Its not been bug with Unicode character or TextElementEnumerator Class, As specific to the lanaguage (Tamil)
letter made by any Tamil consonants followed by visual glyph
for eg- க -\u0b95 ெ -\u0bc6 ள -\u0bb3
form Tamil character 'கெள' while its seems similar to formation of visual glyph
க -\u0b95 ௌ-\u0bcc
and its right form to solution. hence before enumerating Tamil character we have replace irregular formation of character.
As with rule of Tamil Grammar (ஔகாரக் குறுக்கம்) the visual glyph (ௌ) will come as starting letter of a word.

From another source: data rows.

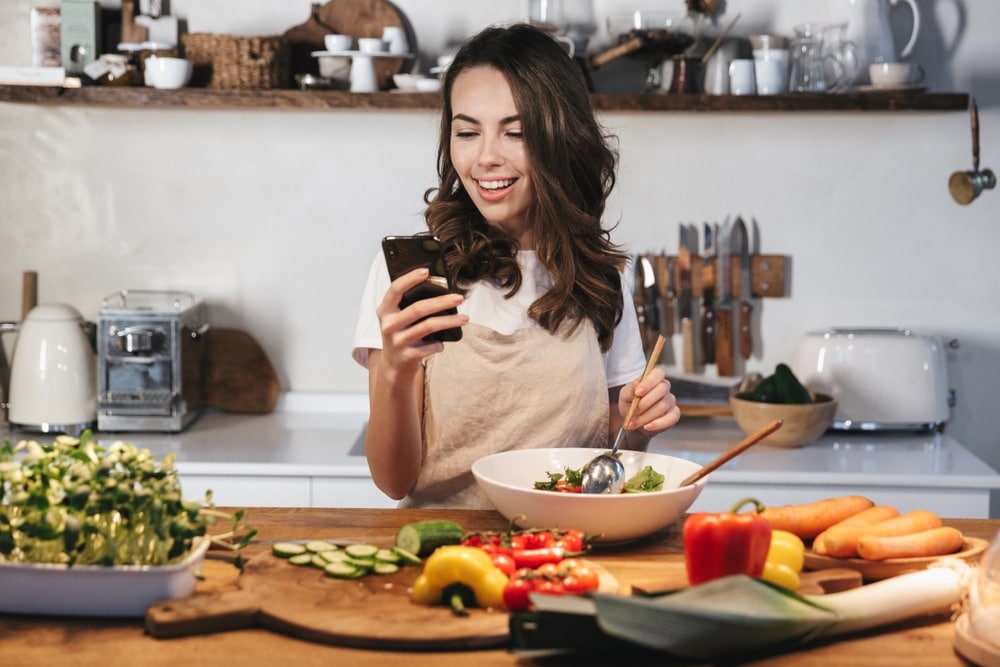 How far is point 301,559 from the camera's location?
1546 mm

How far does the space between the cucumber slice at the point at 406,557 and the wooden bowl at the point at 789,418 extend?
1.64 metres

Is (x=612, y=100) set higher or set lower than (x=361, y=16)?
lower

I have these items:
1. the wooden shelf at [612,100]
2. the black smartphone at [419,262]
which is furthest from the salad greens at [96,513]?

so that. the above code is to be should processed as
internal class Program
{
private static void Main()
{
const string unicodetxt1 = "ஊரவர் கெளவை";
List<string> output = Syllabify(unicodetxt1);
Console.WriteLine(output.Count);
const string unicodetxt2 = "கௌவை";
output = Syllabify(unicodetxt2);
Console.WriteLine(output.Count);
}
public static string CheckVisualGlyphPattern(string txt)
{
string[] data = txt.Split(new[] { ' ', '\r', '\n' }, StringSplitOptions.RemoveEmptyEntries);
string list = string.Empty;
var rx = new Regex("^(.*?){1}(\u0bc6){1}(\u0bb3){1}");
foreach (string s in data)
{
var matches = new List<Match>();
string outputs = rx.Replace(s, match =>
{
matches.Add(match);
return string.Format("{0}\u0bcc", match.Groups[1].Value);
});
list += string.Format("{0} ", outputs);
}
return list.Trim();
}
public static List<string> Syllabify(string unicodetext)
{
var processdata = CheckVisualGlyphPattern(unicodetext);
if (string.IsNullOrEmpty(processdata)) return null;
TextElementEnumerator enumerator = StringInfo.GetTextElementEnumerator(processdata);
var data = new List<string>();
while (enumerator.MoveNext())
data.Add(enumerator.Current.ToString());
return data;
}
}
It produce the appropriate visual glyph while enumerating.